If I were to guess, it comes down to probably one thing -- too many people are probably working on the project, and high level decisions like "adding legs", or using normal maps and non-shitty textures are simply too difficult to coordinate. It's the mythical man-month problem. That's why when you want to start off a game dev project, you need like 8 skilled people, not 160 headless chickens.
But perhaps this was only an issue from a first-person view, and the actual users of this, uh, abomination don't see their own elbows?
Anyways, more on topic, I agree that specs should be fine for much nicer graphics and it's baffling that with all their investments and even changing the name of the company, they produce this...
Open VRChat if you want to see a real metaverse.
I suspect that a lot of the content creation has to do with that.
For example:
- Art director? Most of the content is user generated.
- Game developers on the team? Why? Their goal is not to make the game themselves but to make tools that let other people make stuff.
- Lack of user uploaded texture. Well, that can be easily abused so better to not allow user uploaded textures at all.
- No way to sculpt custom shapes. Well... that would be hard to do at scale in pure VR and allowing them to upload models from computers essentially creates two classes of creators. The regular people and the pros.
Etc.
I don't work for Meta and have no idea if any of this is accurate but I think it seems plausible.

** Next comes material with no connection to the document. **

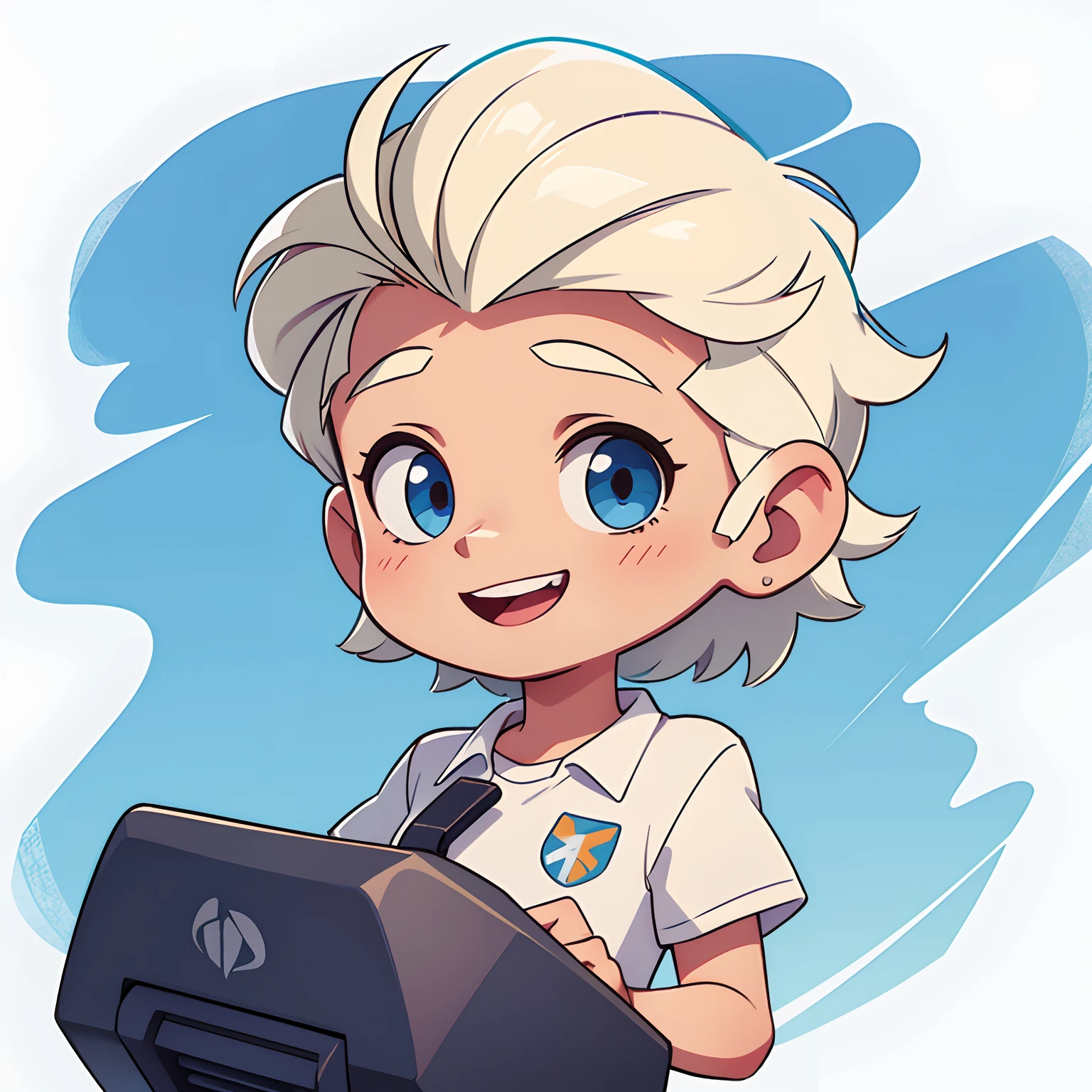 Foto de perfil, jovem menino branco com cabelo castanho escuro sorrindo com camisa de games e headfone estilo icon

Too bad Epic isn't making a metaverse platform play.
I assume their wrists are held up like that because in the real world, everybody is holding up their controllers. Maybe they're all sitting at their desks in this call and are resting their hands on their desks with the controllers in hand?
These all seem like basic UX and aesthetic issues that someone could've seen early on and corrected. If nobody caught these issues, then that's troubling. Or, if somebody caught them but couldn't do anything about them, that's also troubling.